2. Find the constant term
To determine the number of terms in the expression, we need to expand and simplify it.
To do this, we start by expanding the binomial using the binomial theorem.
The binomial theorem states that for any positive integer n,
(x + y)^n = (nC0)x^n(y^0) + (nC1)x^(n-1)(y^1) + ... + (nCn)y^n.
In this case, x is equal to 2/x^2 and y is equal to -x.

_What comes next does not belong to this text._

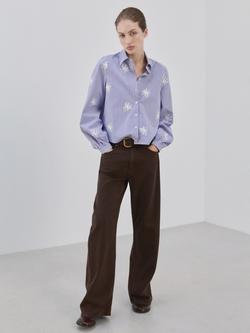 Mango Maja Embroidered Stripe Shirt, Sky Blue, Sky Blue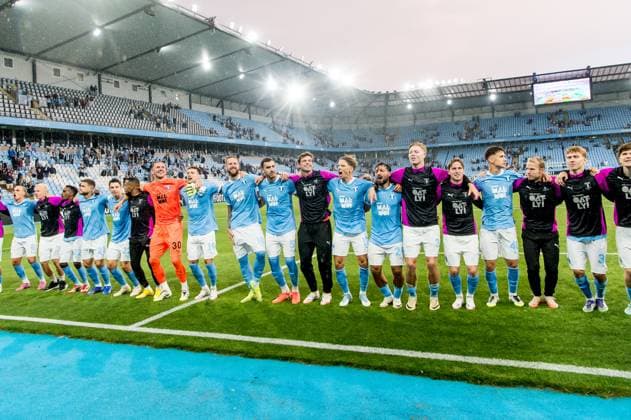 250730 Players of Malmö FF celebrate after the UEFA Champions League qualifier football match between Malmö FF and FK RFS on July 30, 2025 in Malmö. Photo: Christian Örnberg BILDBYRAN COP 166 CO0596 fotboll football soccer fotball uefa champions league qualifier champions league malmö ff fk rfs bbeng jubel Copyright: CHRISTIANxÖRNBERG BB250730CO077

Applying the binomial theorem, we have:
(2/x^2 - x)^15 = (15C0)(2/x^2)^15(-x)^0 + (15C1)(2/x^2)^14(-x)^1 + ... + (15C15)(2/x^2)^0(-x)^15.
Simplifying, we get:
(2/x^2 - x)^15 = (15C0)(2^15/x^30) + (15C1)(2^14/x^28)(-x) + ... + (15C15)(1)(-x)^15.
Now, we can examine the form of each term to determine the number of terms and the constant term.
1. The binomial theorem shows that there are (15C0) + (15C1) + ... + (15C15) terms in the expansion. In this case, there are 16 terms.
2. The constant term occurs when all the x terms cancel out. Looking at the expression, the constant term occurs when the exponent of x in each term is 0. In this case, the constant term is given by:
(15C0)(2^15/x^30) = (2^15/x^30) = 2^15/x^30.
Therefore, the constant term is 2^15/x^30.